Sleep Easy: Tips for Better Sleep
Getting a good night’s rest doesn’t just help you feel ready to take on the day—it helps keep your mind and body healthy. According to the National Institutes of Health, good sleep helps decrease stress, boosts immunity, reduces the risk of depression and limits food cravings.
The CDC recommends seven or more hours of sleep each night for adults. More specifically, most adults need to have four or five cycles of rapid eye movement (REM) each night. REM cycles are periods of deep sleep when your brain processes memories, which is essential to learning and reasoning. Each REM cycle lasts about 90 minutes.
However, as we age, getting a good night’s rest becomes harder and harder due to insomnia, medication, pain and busy schedules. But making the right adjustments can help you get the sleep of your dreams. Try these tips to improve the quality of your sleep:
- Keep it cool. Studies show that a cool room and minimal blankets can help put the body at ease for better sleep.

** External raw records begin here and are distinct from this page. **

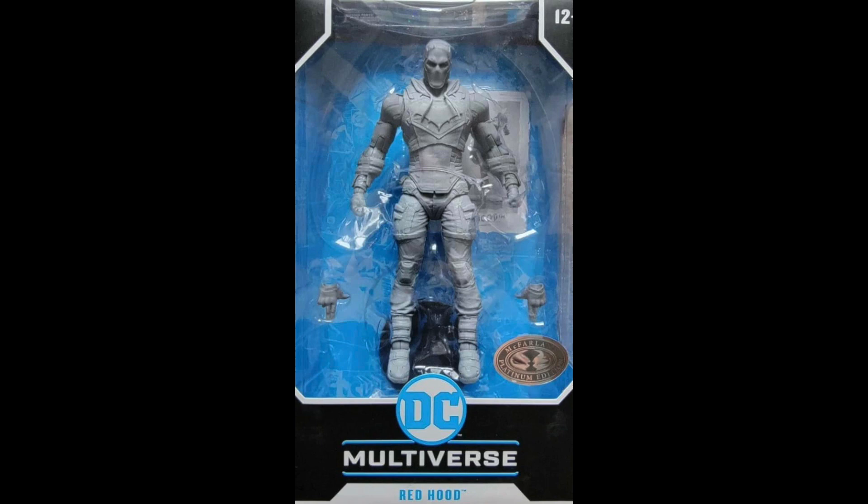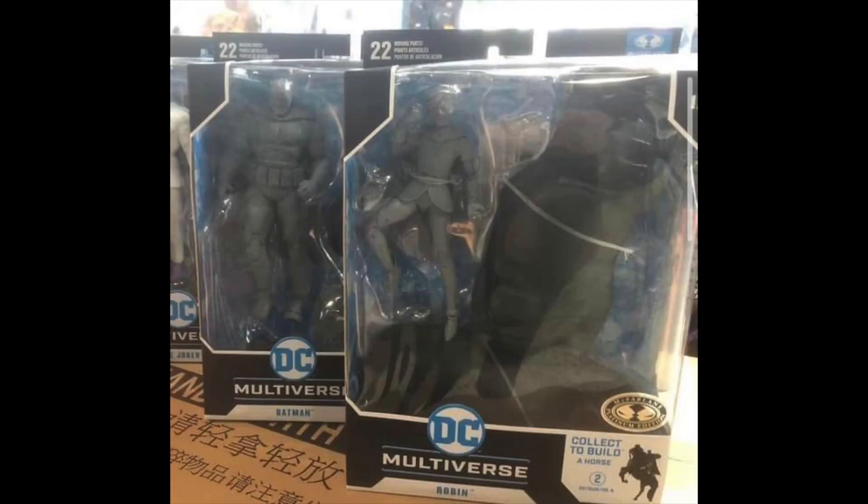McFarlane Toys has again just released another DC Multiverse artist proof figure — not a redhead, but from the Dark Knight Returns line. It's Batman, Robin, and the other figures in this wave.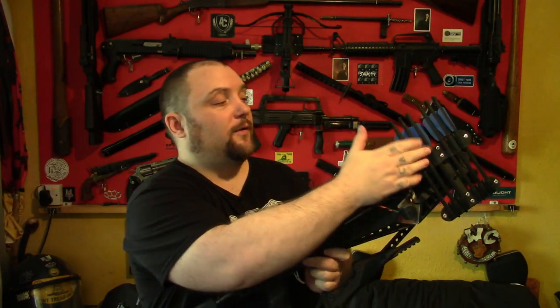Right everyone, Weapon Collector here. I thought I would do a video on my Cobra Adder and R9 quiver system that I make. I've never actually done a video on these.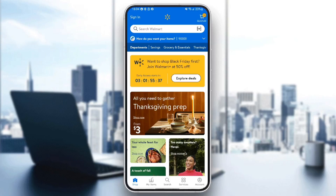Hello everyone, and welcome back to a new video. In this video, I'm going to show you guys how to use Apple Pay on the Walmart app. So if you guys want to learn how to do it, just follow the steps that I'm going to show you.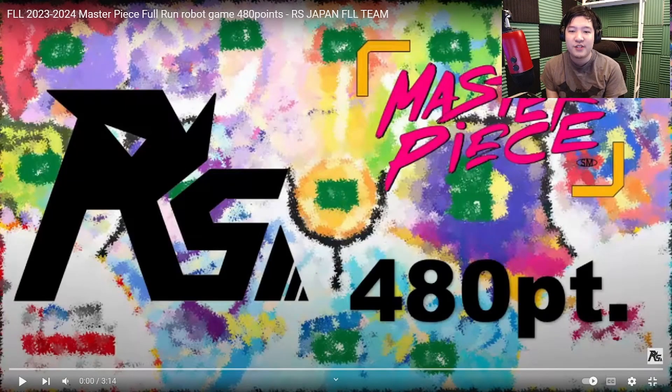Hello there. In this video, we're going to review a robot by a team called RS Japan. I'm not sure what RS is short for — maybe they'll tell me. We're going to look at the robot run where they score 480 points. I'll share my thoughts on what they're doing well, what they can improve, and what we can learn from them.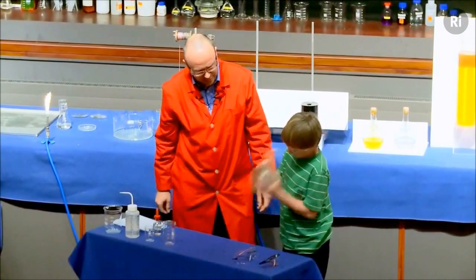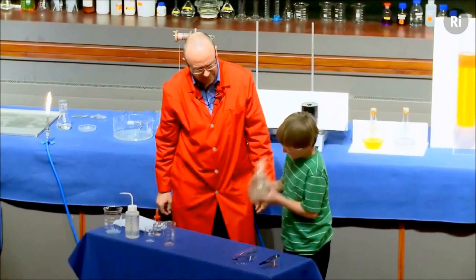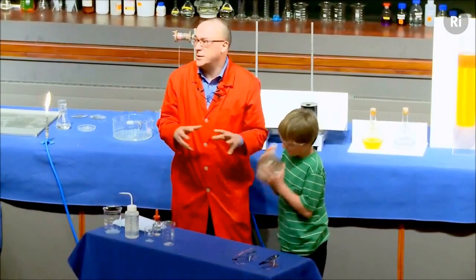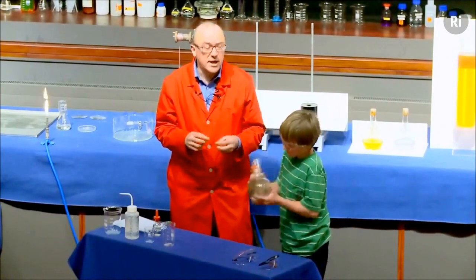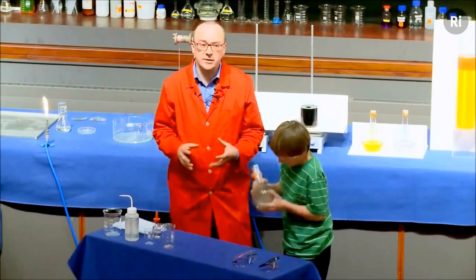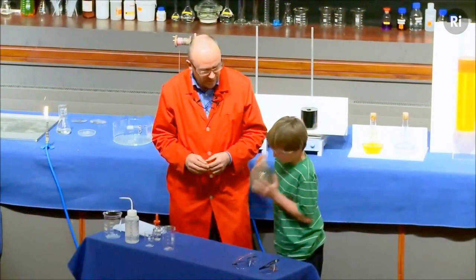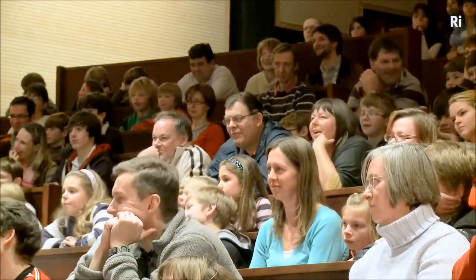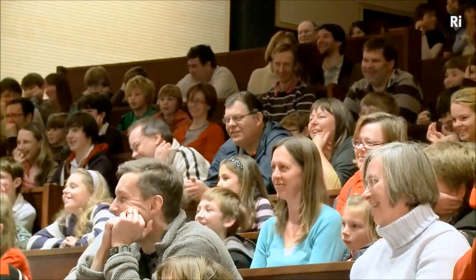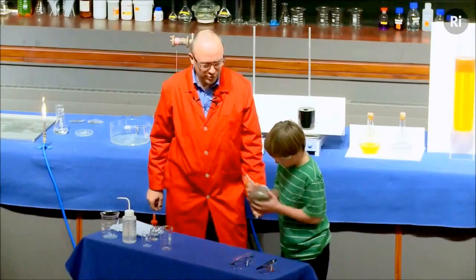That's it, really hard shake. Keep shaking. So what's happening inside this flask now is there is a chemical reaction taking place, and it's forming a solid. And the actual material that it's forming is silver. We're making pure silver metal. Keep shaking. It takes about a minute or two, but the harder you shake, the better it works. So keep shaking.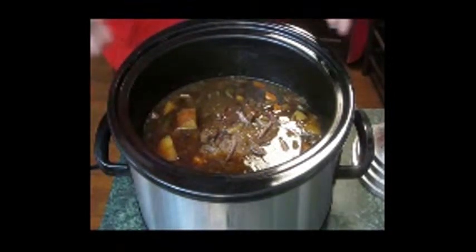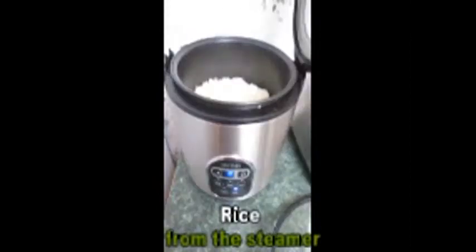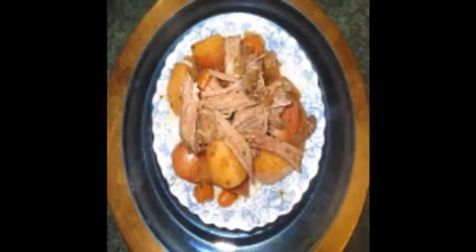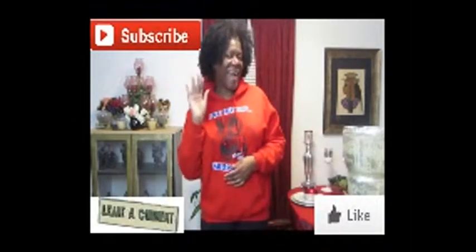Now I'm going to plate some pot roast and take a picture so you can see the final result. Well, that's the pot roast recipe for cooking in the kitchen. I hope that you enjoyed it — I'm sure I will. It looks absolutely fantastic, just pulls apart with a fork. So until next time, bye bye bye.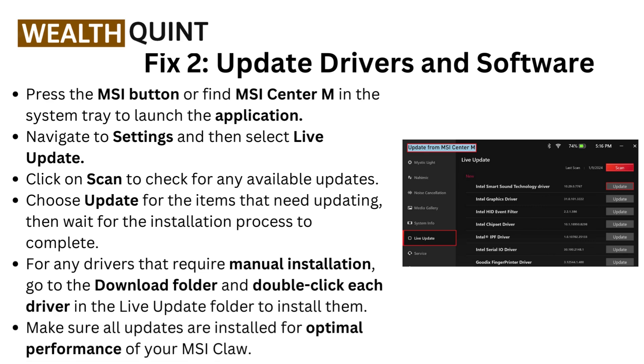Fix two: update drivers and software. Press the MSI button or find MSI Center M in the system tray to launch the application. Navigate to Settings, then select Live Update. Click Scan to check for any available updates, choose Update for the items that need updating, and wait for the installation process to complete.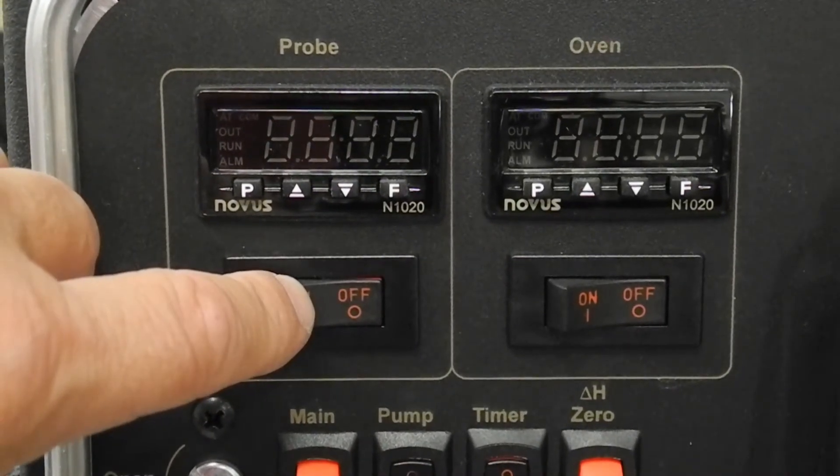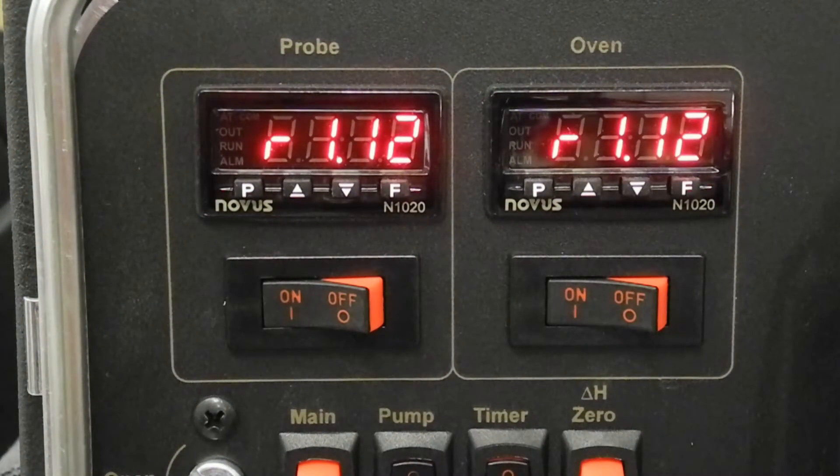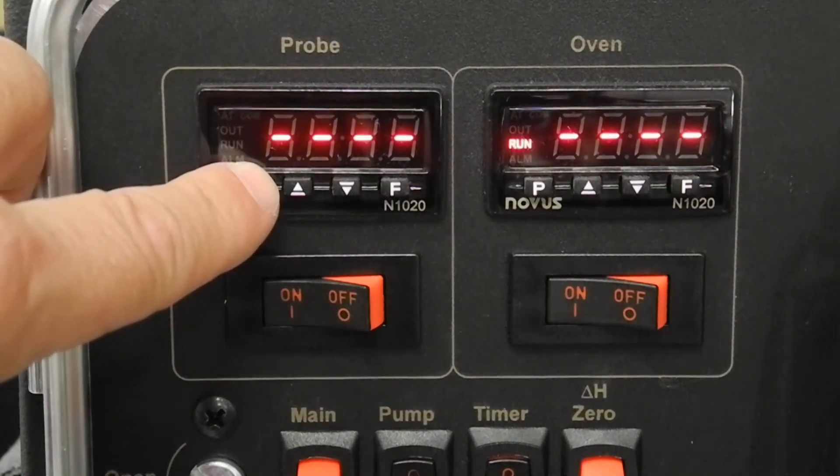To begin the quick setup procedure, switch on the console and the temperature controllers. The firmware version will be displayed immediately. After several seconds, the displays will show all dashes.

- Avoid distractions. For some, the bedroom is also a place for reading, watching TV or using cell phones. Experts recommend making sleep the main purpose of your bedroom. Associating your bedroom with sleep and sticking to a regular bedtime routine will help condition your body and make it easier to fall asleep.
- Put down your phone. Blue light from cell phones and tablets can keep your mind awake and make it harder to fall asleep at night. Try putting the phone down at least an hour before bed.
- Block out the outside world. Sound machines or fans are a great way to tune out loud noises at night. Blackout curtains can also help block lights—helping you fall and stay asleep.
- Skip the extra drink. Whether it’s coffee or soda, avoid drinking too much caffeine, especially late in the day. Similarly, having too much alcohol can also disrupt sleep patterns, particularly if you drink right before bed.
- Check your medications. If you take any long-term medications, ask your doctor if they might interfere with your sleep. Your doctor may also be able to recommend other medications or supplements (like melatonin) to help you sleep better.